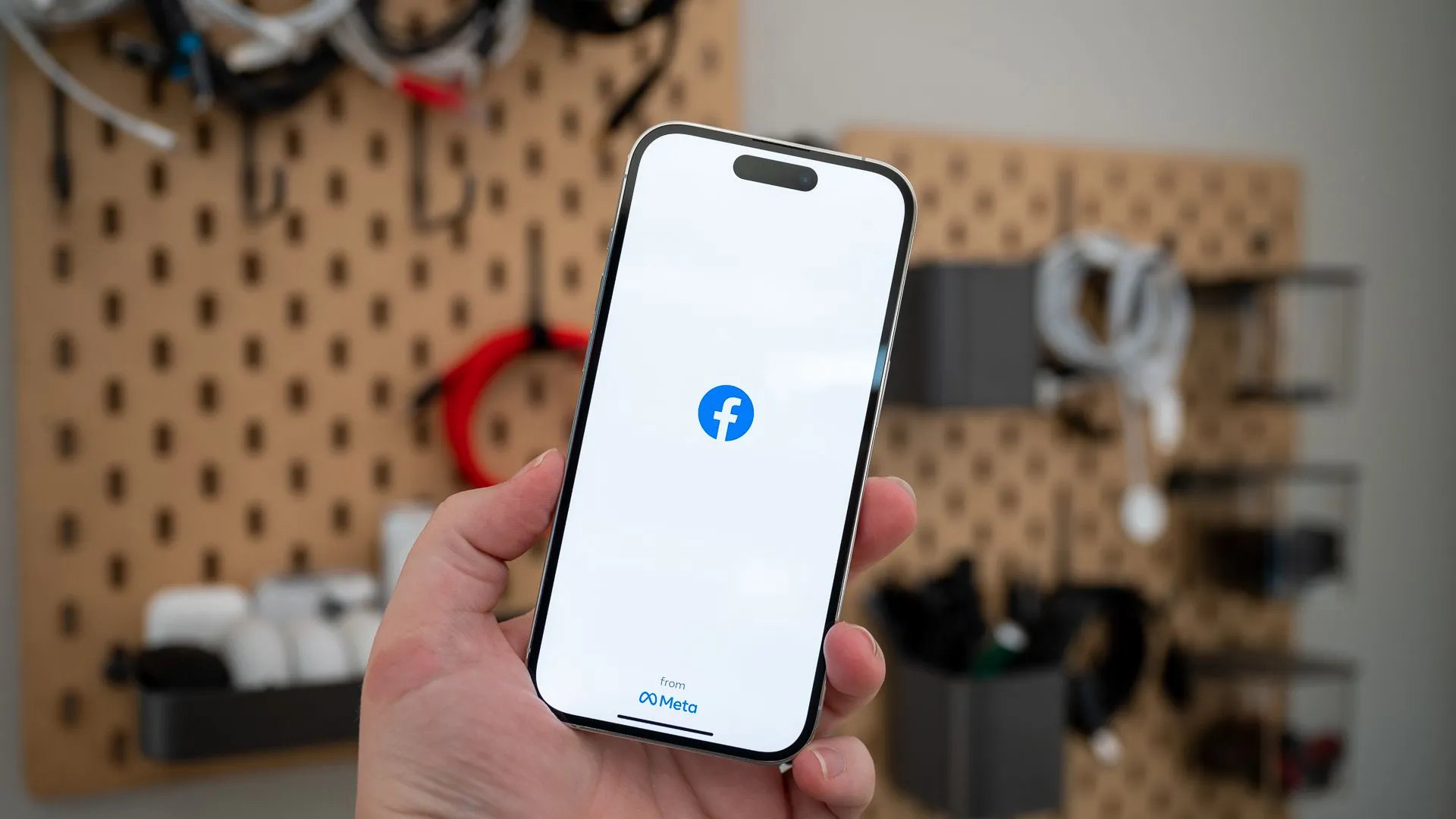 Màn hình ứng dụng Facebook trên iPhone 14 Pro, biểu tượng cho việc tìm kiếm và mua bán PC cũ trên Facebook Marketplace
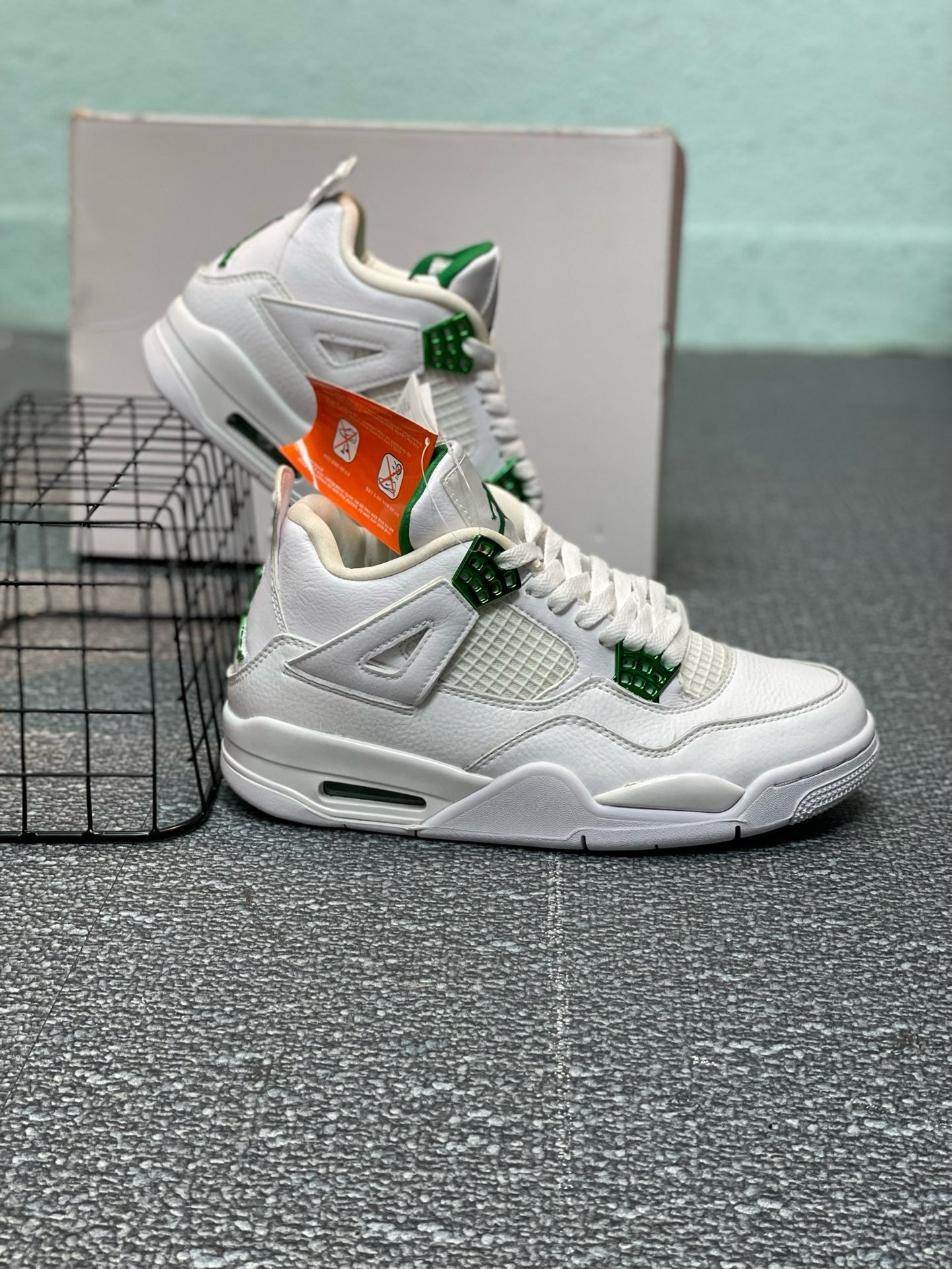 SNEAKERS AIR JORDAN 4 GREEN METALLIC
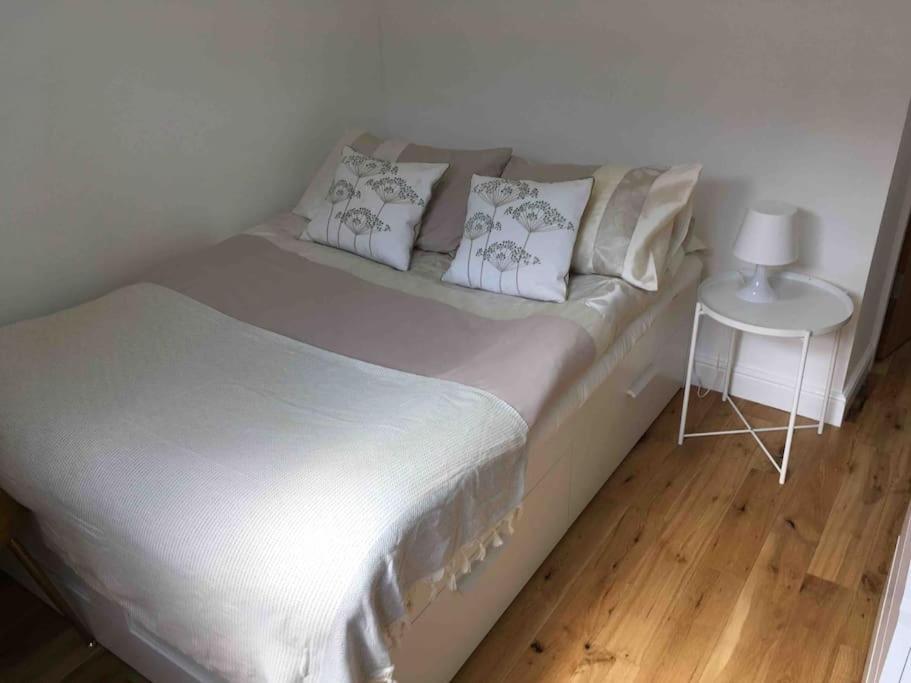 Newly Refurbished 2-Bedroom Flat In Notting Hill لندن المظهر الخارجي الصورة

# What you have to do
Every line above should be duplicated exactly; the pictures are to be left out.

# Output for this task
 Màn hình ứng dụng Facebook trên iPhone 14 Pro, biểu tượng cho việc tìm kiếm và mua bán PC cũ trên Facebook Marketplace
 SNEAKERS AIR JORDAN 4 GREEN METALLIC
 Newly Refurbished 2-Bedroom Flat In Notting Hill لندن المظهر الخارجي الصورة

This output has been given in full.